Assigned task: Output the full listing below exactly; the images stay out.

Dataset excerpt:
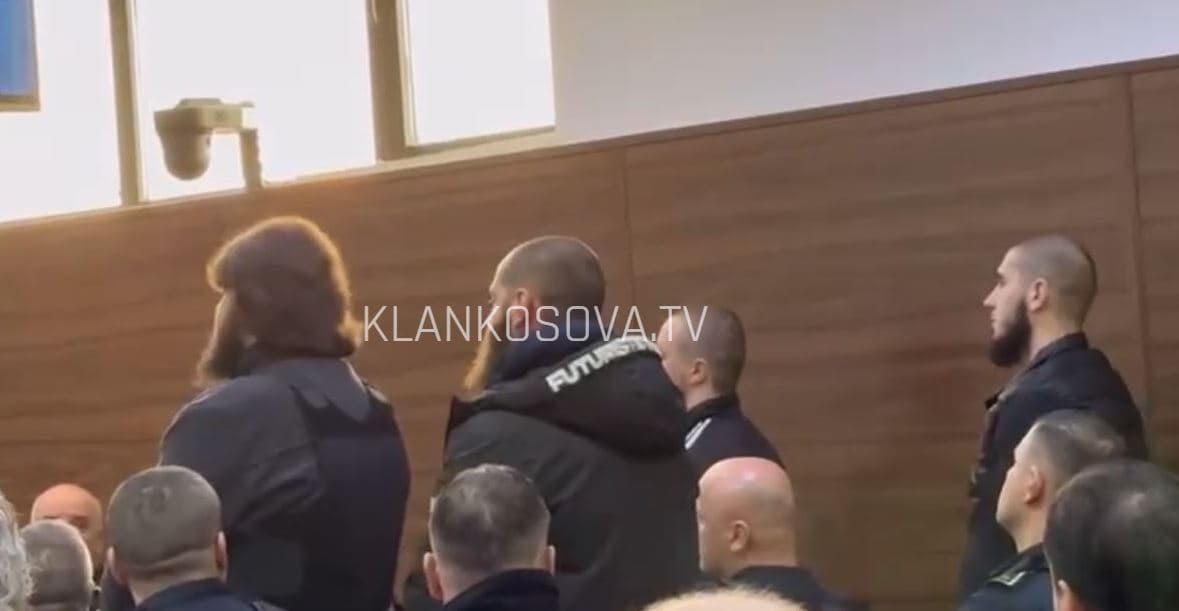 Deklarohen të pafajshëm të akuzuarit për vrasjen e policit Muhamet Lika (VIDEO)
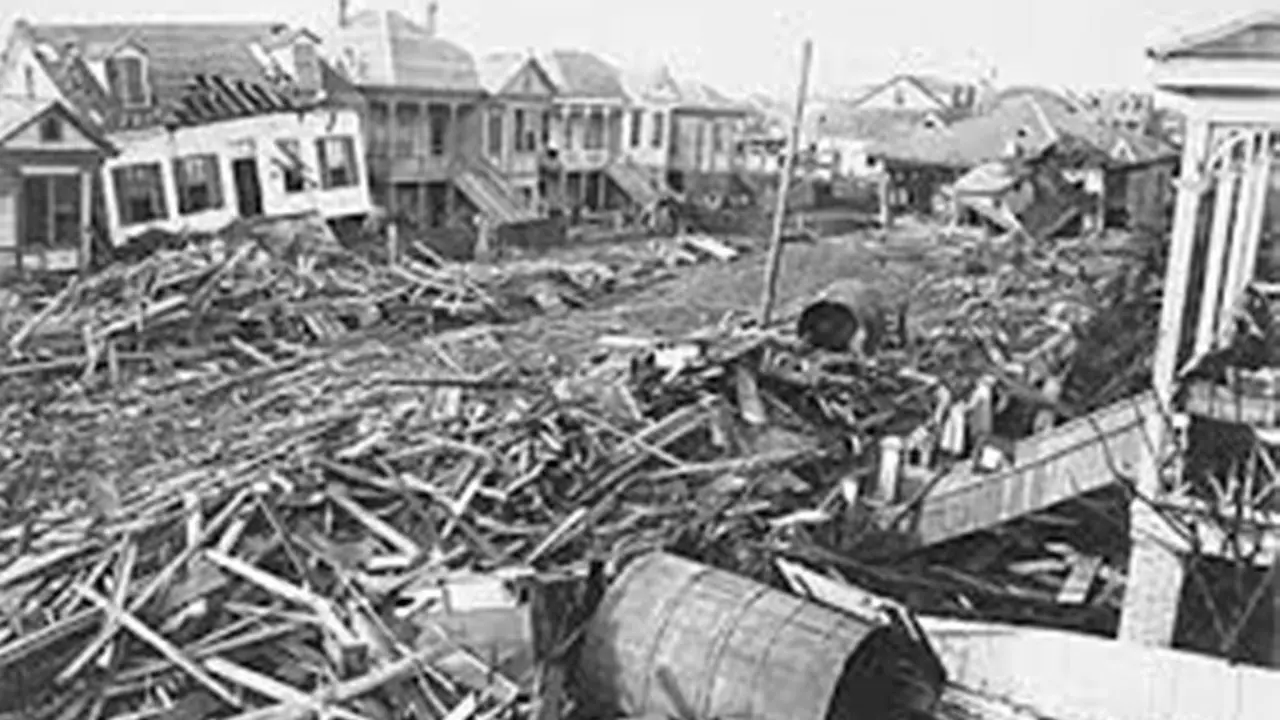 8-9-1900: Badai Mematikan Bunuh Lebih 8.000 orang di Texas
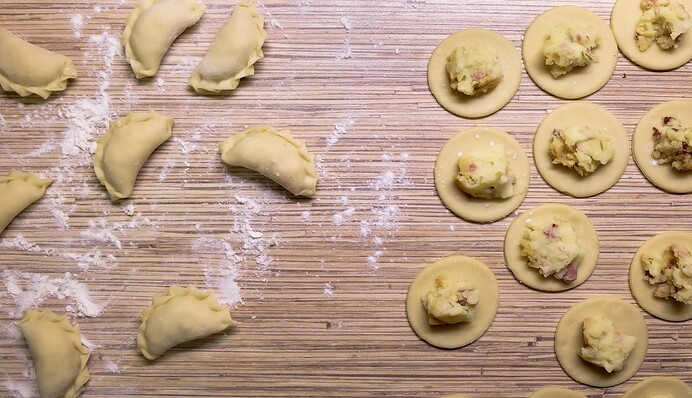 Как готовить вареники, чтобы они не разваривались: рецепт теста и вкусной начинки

Response area:
 Deklarohen të pafajshëm të akuzuarit për vrasjen e policit Muhamet Lika (VIDEO)
 8-9-1900: Badai Mematikan Bunuh Lebih 8.000 orang di Texas
 Как готовить вареники, чтобы они не разваривались: рецепт теста и вкусной начинки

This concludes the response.